The state ethics commission, in a complaint obtained by Atlanta Unfiltered, believes Rogers’ account has improperly reimbursed him for more than $27,000.
Nov. 10, 2016 — House Speaker David Ralston would receive a reprimand but no suspension for violating State Bar rules, according to papers filed today with the Georgia Supreme Court.
Ralston, who practices law in Blue Ridge, admitted improperly advancing $22,000 to a client who’d waited years for his case to come to trial. The speaker paid the money from his firm’s trust account, also a rule violation.
“Whether Ralston’s actions in advancing money to the Chernaks were the result of ignorance as contended, negligence, or an attempt to placate an increasingly frustrated client, the conduct clearly violates the Georgia Rules of Professional Conduct,” special master Jon Peters wrote in his 20-page report to the high court.
Nov. 10, 2016 — Gov. Nathan Deal has appointed Charlie Bethel, a former floor leader of his in the Senate, to the Georgia Court of Appeals. Bethel was among 79 lawyers nominated for the job. The appointment, coming one day after he was re-elected to a fourth term, will necessitate a special election to fill Bethel’s seat in the Senate.
Bethel’s campaign paid The Sassafras Group, a consulting firm founded by Deal’s daughter-in-law Denise Deal, $3,100 for fund-raising in May 2016.
Nov. 6, 2016 — Dale Rutledge, running an ethics-based campaign against a House incumbent, lodged a complaint against himself in 2012. It cost him $975.
The complaint said he had donated and the campaign had spent about $7,200 before filing the necessary paperwork. Looking further, investigators found he also failed to report three $1,000 contributions in the weeks before the July 2012 primary.
In 2015, Rutledge signed a consent order with the state ethics commission and paid a $975 fine to resolve the case.
Nov. 6, 2016 — Jane Rutledge has self-funded her 2016 campaign, receiving no other political donations. The personal financial disclosure that she filed this year did not include her home as well as 15 acres of farmland. She told us the omission was an oversight and she would correct it.

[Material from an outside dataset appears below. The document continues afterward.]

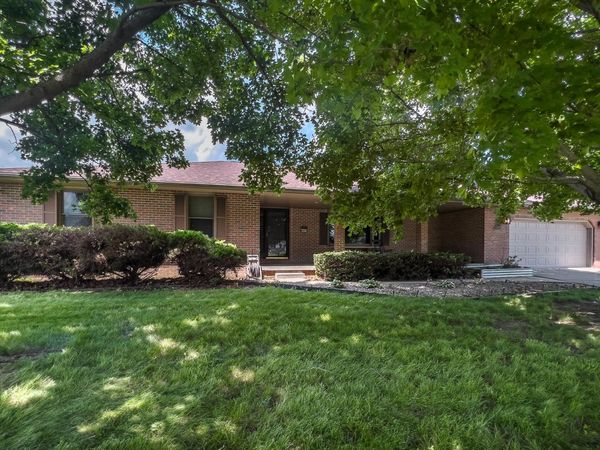 404 Sunset Drive , Colfax, IL 61728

Nov. 5, 2016 — Unions have donated $4,700 to Tamara Johnson-Shealey’s two races for the state Senate. Sixty percent of her campaign funds, though, have come from donors of $100 or less.
Johnson-Shealey left her home and business off the personal financial disclosure she filed in March 2016. She said the omission was an oversight and amended the disclosure on Nov. 4 after Atlanta Unfiltered called her attention to it.
Nov. 5, 2016 — Fran Millar’s campaign spent more than $2,100 in 2012 on social media, including Tweets and Facebook posts about Republican politics and the failures of Obamacare. Then he got taxpayers to foot the bill.
Millar’s Senate expense account paid him back for the social media expenses, even though bills paid with campaign funds aren’t eligible for reimbursement. Millar later returned the money, after Atlanta Unfiltered inquired about it, but insisted the spending was a legitimate use of his Senate account.
Valerie Clark, then principal of Central Gwinnett High School, retired in January 2009 after 38 years as an educator. A month later, news reports surfaced that an internal investigation had been under way to determine if she had blocked a disciplinary action against her son for allegedly soliciting marijuana on campus. Clark released a statement at the time saying she initially “did not have all the facts” and thought the incident had occurred off-campus. The school subsequently investigated and took all of the students to a disciplinary panel, she said.
Clark’s 2012 election opponent, Timothy Swiney, alleges that she co-sponsored a bill mandating destruction of school employees’ investigative files if they did not end in disciplinary action, “effectively destroy[ing] all evidence of wrongdoing.” The bill in question, however, did not pass and, even if it had, would not have sealed Clark’s investigative file.